Eric Kraus: De minha parte, acho que a culpa é de
Washington, não da Europa. A Europa é o rabo. Washington é o cachorro. A Europa
não conseguiu articular uma resposta razoável de política exterior, e há gente
em Washington que faz excelentes carreiras só com inventar problemas para a
Rússia, pintando a Rússia como o inimigo. A Rússia não é o inimigo, mas a
Rússia é estado independente, com necessidades próprias e política externa
própria, o que obviamente não agrada a Washington.
Russia Today: É decisão justa, no que tenha a ver
com as fraudes cometidas pelos ex-funcionários das empresas Yukos e Menotep?
Eric Kraus: Pessoalmente,
me chama a atenção como decisão muito política. O ocidente sempre dá jeito de
criar essa ilusão de fair play, de estado de direito, de justiça no
processo judicial, mas não passa de piada sem graça. A Rússia apelará, mas
mesmo que perca uma apelação, o caso é que não há meios legais para obrigar a
pagar, a menos que o estado russo resolva pagar. E absolutamente não consigo
ver o estado russo pagando alguma coisa a um bando de assassinos e ladrões. O
pessoal que dirigia a Menotep era o pior tipo de oligarca da velha escola. A
Rússia absolutamente não pagará. Não há meio, do meu conhecimento, nesse caso,
para obrigar a pagar.
Yukos |
Esse caso Yukos-Rússia aparece como
arquetípico, como exemplar das novas condições, pós-modernas, do enfrentamento
em curso. O Sistema (os EUA) tem aí um lugar essencial, utilizando todos os
artifícios das estruturas financeiras e jurídicas ampliadas no plano
internacional, por um lado; e, por outro, utilizando seus aliados, as
elites-Sistemas internacionais corrompidas, e o novo aliado que ganha lugar
privilegiado com tudo que gravita em torno do centro de fusão ucraniano, o
crime organizado do mundo ex-comunista, os oligarcas aproveitadores do
naufrágio da URSS que se tornaram aproveitadores globais, etc..
Desse ponto de vista, o caso Yukos é um
ato de guerra, de uma guerra que é feita contra tudo que tenha poder
estruturante, contra os princípios que organizam essa estruturação, dentre os
quais, para começar, a soberania. Trata-se bem claramente da soberania das
nações, da legitimidade dos governos, atacados pela fúria de
superpotente-autodestruição do Sistema. E isso nos leva ao enfrentamento
Sistema versus anti-Sistema.
Mais uma vez, é imperativo, para bem
situar a questão e as modalidades da operacionalidade desse enfrentamento,
estabelecer um laço cerrado entre esses vários eventos, elementos de uma mesma
crise, e, para o caso de que tratamos aqui, entre a crise ucraniana e o
julgamento do caso Yukos.
Queremos dizer com isso que o
enfrentamento não é de essência geopolítica, ainda que aqui (na Ucrânia)

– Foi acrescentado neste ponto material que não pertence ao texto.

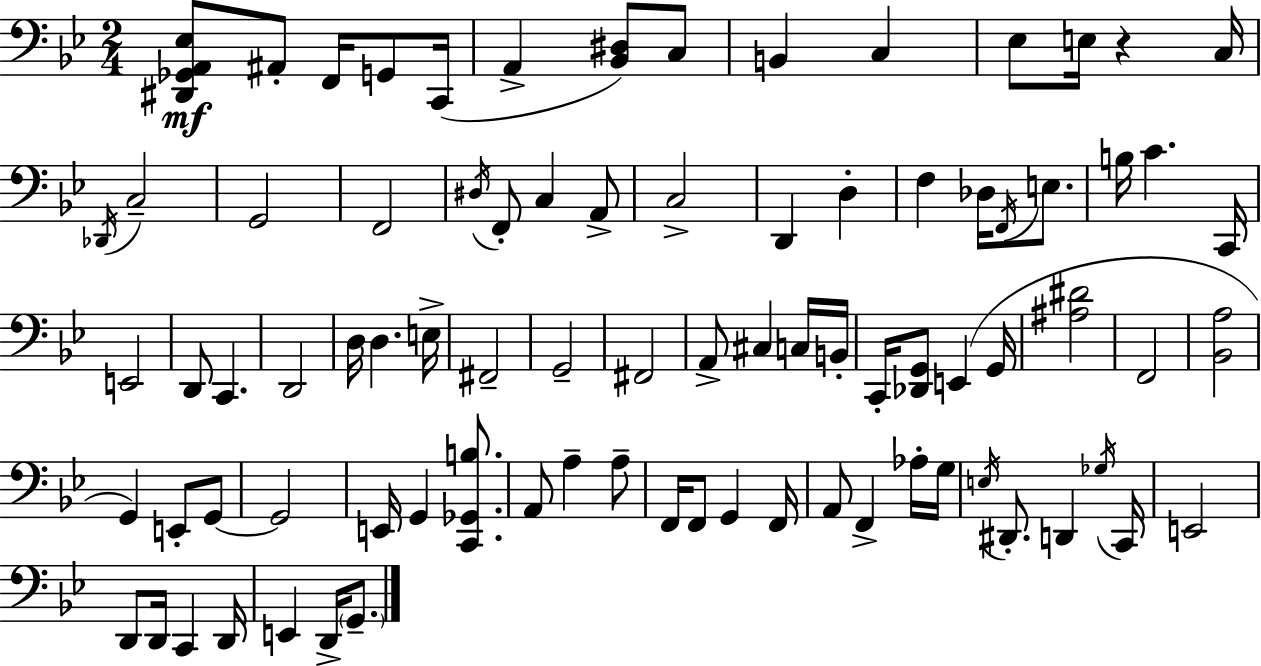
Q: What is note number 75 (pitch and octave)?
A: E2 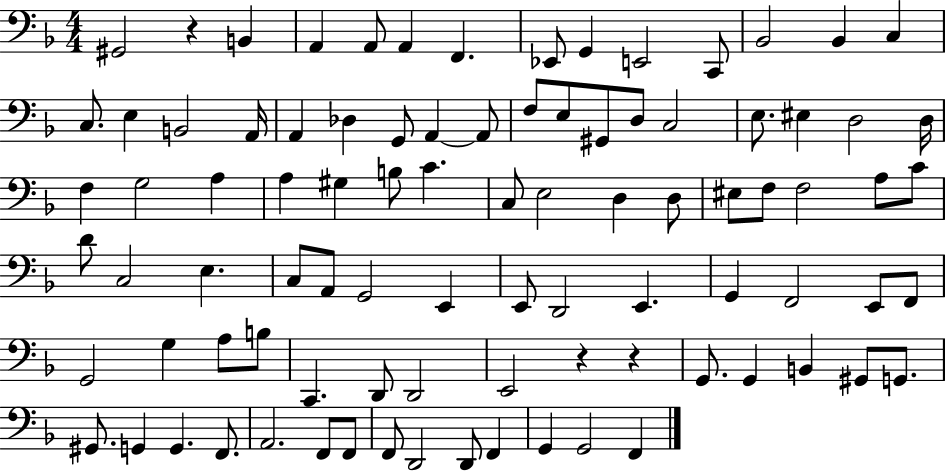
X:1
T:Untitled
M:4/4
L:1/4
K:F
^G,,2 z B,, A,, A,,/2 A,, F,, _E,,/2 G,, E,,2 C,,/2 _B,,2 _B,, C, C,/2 E, B,,2 A,,/4 A,, _D, G,,/2 A,, A,,/2 F,/2 E,/2 ^G,,/2 D,/2 C,2 E,/2 ^E, D,2 D,/4 F, G,2 A, A, ^G, B,/2 C C,/2 E,2 D, D,/2 ^E,/2 F,/2 F,2 A,/2 C/2 D/2 C,2 E, C,/2 A,,/2 G,,2 E,, E,,/2 D,,2 E,, G,, F,,2 E,,/2 F,,/2 G,,2 G, A,/2 B,/2 C,, D,,/2 D,,2 E,,2 z z G,,/2 G,, B,, ^G,,/2 G,,/2 ^G,,/2 G,, G,, F,,/2 A,,2 F,,/2 F,,/2 F,,/2 D,,2 D,,/2 F,, G,, G,,2 F,, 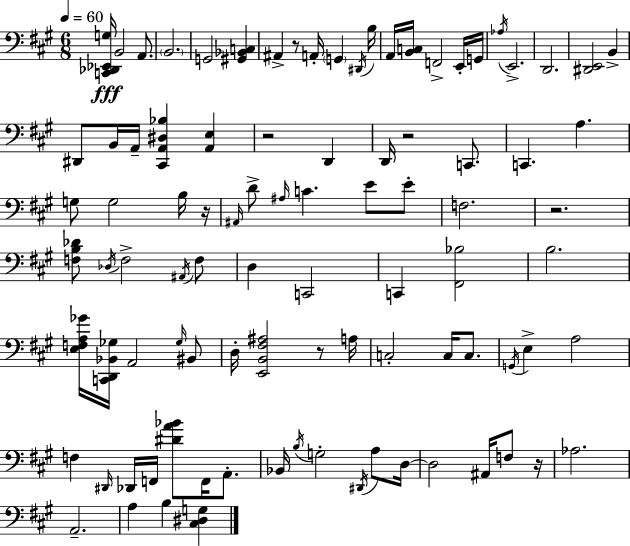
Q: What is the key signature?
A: A major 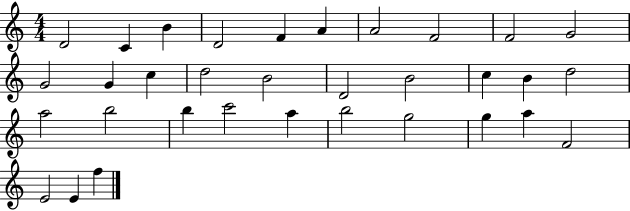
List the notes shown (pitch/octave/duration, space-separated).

empregue a ferramenta da geopolítica, – mas também, como se vê claramente, a
ferramenta da comunicação. Por trás das ferramentas, é a luta suprema do
Sistema contra o anti-Sistema, uma luta de morte que se trava sem que seja
preciso saber o que poderá resultar dela, inclusive, no caso de ‘'vitória'’ do
anti-Sistema. Porque tudo gira em torno de uma única questão, da qual tudo
depende e a partir da qual, se é a questão do enfrentamento, tudo será
diferente. Está em jogo a destruição do Sistema, nada menos que isso.
O povo contra o TAFTA |
Por outro lado, foi possível ver em
ação, com esse julgamento, ou sabor vestibular extremamente pronunciado do “espírito
TAFTA”, ou do que acontecerá à situação dos países europeus no caso de
realizar-se esse monstruoso acordo de livre-comércio transatlântico (Transatlantic
Trade and Investment Partnership, TTIP, em inglês).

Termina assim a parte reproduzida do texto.